The static data management layer is provided by the institutional repository of the University of Salamanca.

Finally, the service layer has a main component, a user-centered portal which provides most features required by the business logic; and a set of external tools focused on the dissemination of the scientific knowledge in different social networks (Twitter, YouTube, SlideShare and Facebook) and sending bulk emails (Mailchimp).

The model (M1-level) has been divided in three packages: the ecosystem tools model; the ecosystem users model; and the ecosystem services model. Furthermore, the classes from the metamodel (M2-level) are represented to indicate which classes are used to model the example.

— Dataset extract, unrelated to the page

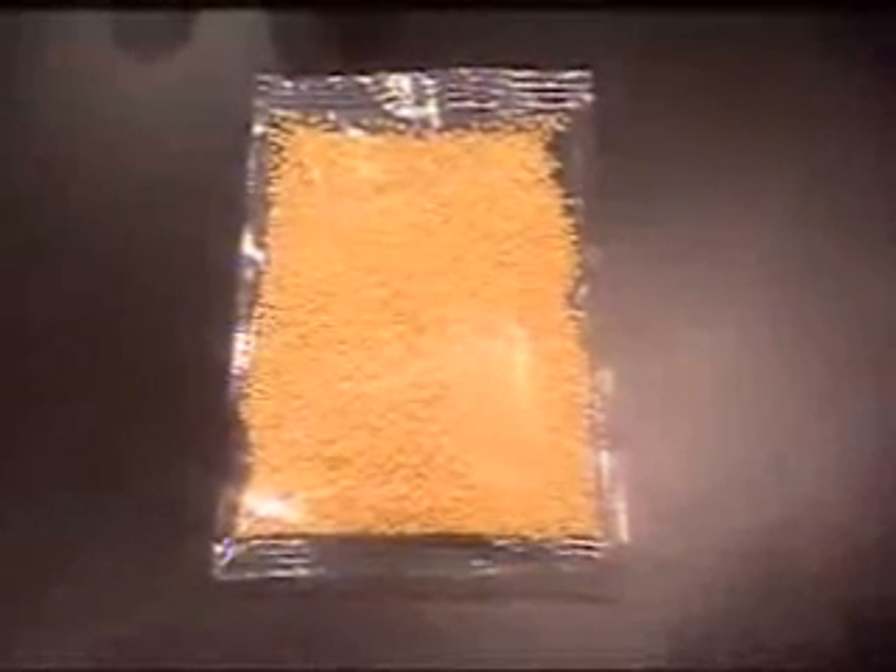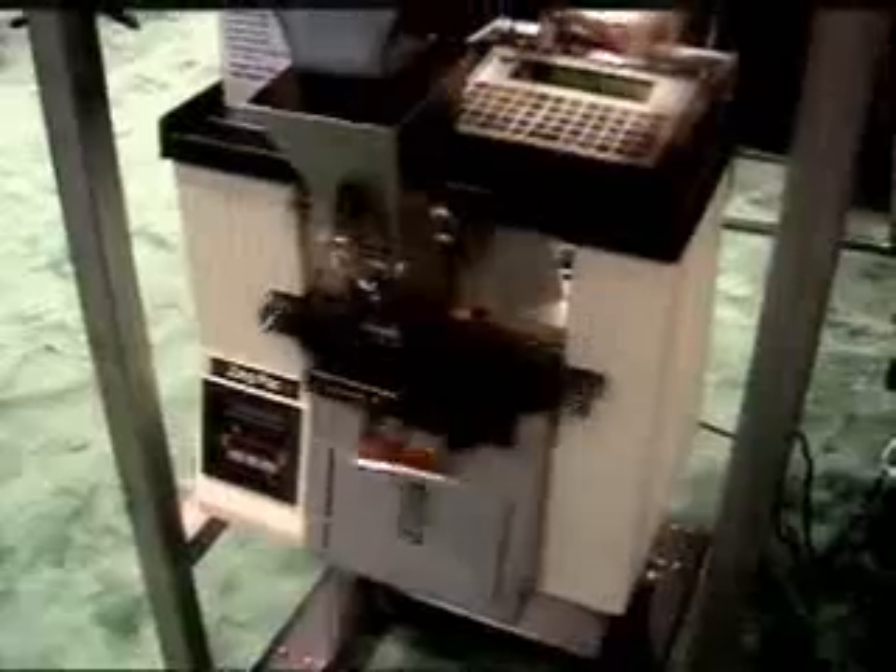Here is the bagger shown integrated with an auger filler. Here is the bagger integrated with a net weigh filling system. Here is the bagger shown integrated with an inline printer.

In Fig. 3, the main software components of the learning ecosystem are modeled. The PhDEcosystem is composed by: a GmailSmtpServer, modeled using the MailServer class; the InstitutionalRepository that instances the DataRepository class; the PhDPortal which contains the PortalUserManagement and the PortalMonitorization, instances of InternalTool, UserManagement and Monitorization, respectively; and a set of modeled elements using the ExternalTool class.

Fig. 3.
figure 3

Ecosystem tools model

The human factor is represented by the Academic Committee that is in charge of the management of the PhD Program, including the learning ecosystem. And a Quality Committee that provide the methodology to ensure the quality of the Program and the learning ecosystem.

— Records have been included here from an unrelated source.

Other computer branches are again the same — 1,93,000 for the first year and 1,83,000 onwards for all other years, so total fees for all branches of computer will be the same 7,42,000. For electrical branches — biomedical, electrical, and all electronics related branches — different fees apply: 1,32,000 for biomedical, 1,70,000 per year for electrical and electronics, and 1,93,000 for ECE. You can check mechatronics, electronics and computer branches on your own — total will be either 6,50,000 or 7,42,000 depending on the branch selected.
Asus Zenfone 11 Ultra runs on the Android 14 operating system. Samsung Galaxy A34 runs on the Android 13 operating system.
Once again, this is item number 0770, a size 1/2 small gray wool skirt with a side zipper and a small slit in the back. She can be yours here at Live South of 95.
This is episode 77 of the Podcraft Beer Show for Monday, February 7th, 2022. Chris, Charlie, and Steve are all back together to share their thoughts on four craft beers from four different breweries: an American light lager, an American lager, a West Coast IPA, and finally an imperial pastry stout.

In Fig. 4, the human factor is modeled. The AcademicCommittee performs the PhDGuidelines and the PhDProcedures, both modeled using the Management class. The QualityCommittee establishes the QualityPlan modeled using the Methodology class. The PhDProcedures provides a set of objectives, that are involved in the modeling of the information flows.

Fig. 4.
figure 4

Ecosystem users model

Finally, the information flows of the learning ecosystem are modeled in the Fig. 5. The relationships among the components are supported by several services to achieve the objectives (PublishEvidences, DiseminateActivities and GetEvaluationIndicators) that are part of the PhDProcedures in Fig. 4. Each service is modeled using Service class and involves two instances of SoftwareTool.

Fig. 5.
figure 5

Ecosystem services model

The PublicationService is provided by InstitutionalRepository and it is consumed by PhDPortal to support the PublishEvidences objective. The AutopostService is provided by two instances of ExternalTool, FacebookProfile and TwitterProfile to support the DiseminateActivities objective. And the IndicatorsService is defined by the GetEvaluationIndicators objective and involves PhDPortal and PortalMonitorization.

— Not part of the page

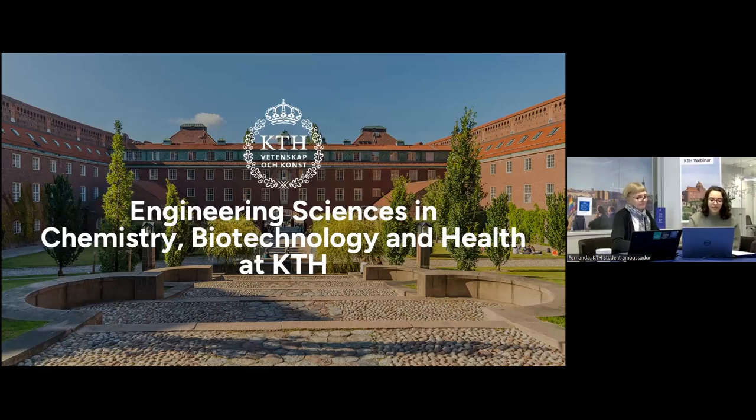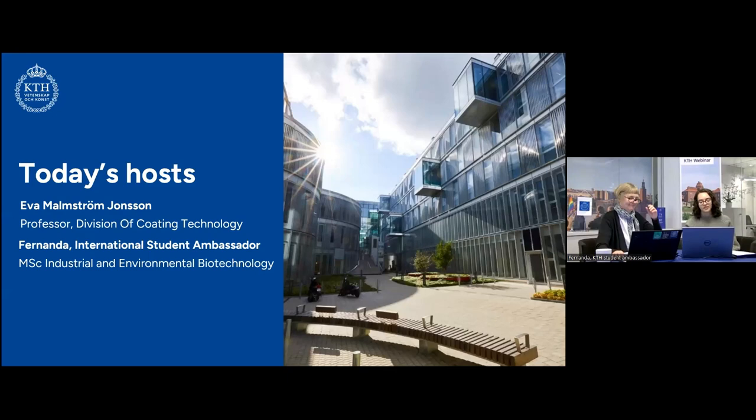Hello everyone, welcome to the webinar of the School of Engineering Science and Chemistry, Biotechnology and Health from KTH. My name is Fernanda Hebelat, I'm in the second year of the Master's in Industrial Environmental Biotechnology. Here with me I have Eva. I'm super happy to be here, my name is Eva Malmström, I'm a Professor of Coating Technology here at KTH and I'm very much looking forward to discussing our school and our education programs with you, Fernanda, for the next 20 minutes.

It should be noted that the PhDPortal consumes two services and provides another. Also, there is a service, AutopostService, composed by two instances of ServiceDescription, AutopostFbServiceDescription and AutopostTwitterServiceDescription.

6 Conclusions

This paper presents an ecosystems metamodel based on MOF to model different perspectives of learning ecosystems development. The metamodel have been used to model a real learning ecosystem for a PhD Program, which have been transferred to other domains. The modelling example demonstrate how a real ecosystem could be modeled using the Ecosystems Metamodel.

This work provides a base to define a UML profile for the Ecosystems Metamodel in order to leverage existing tool support. Furthermore, a set of transformation rules using QVT could be defined to transform the models into executable specifications to provide an ecosystem prototype.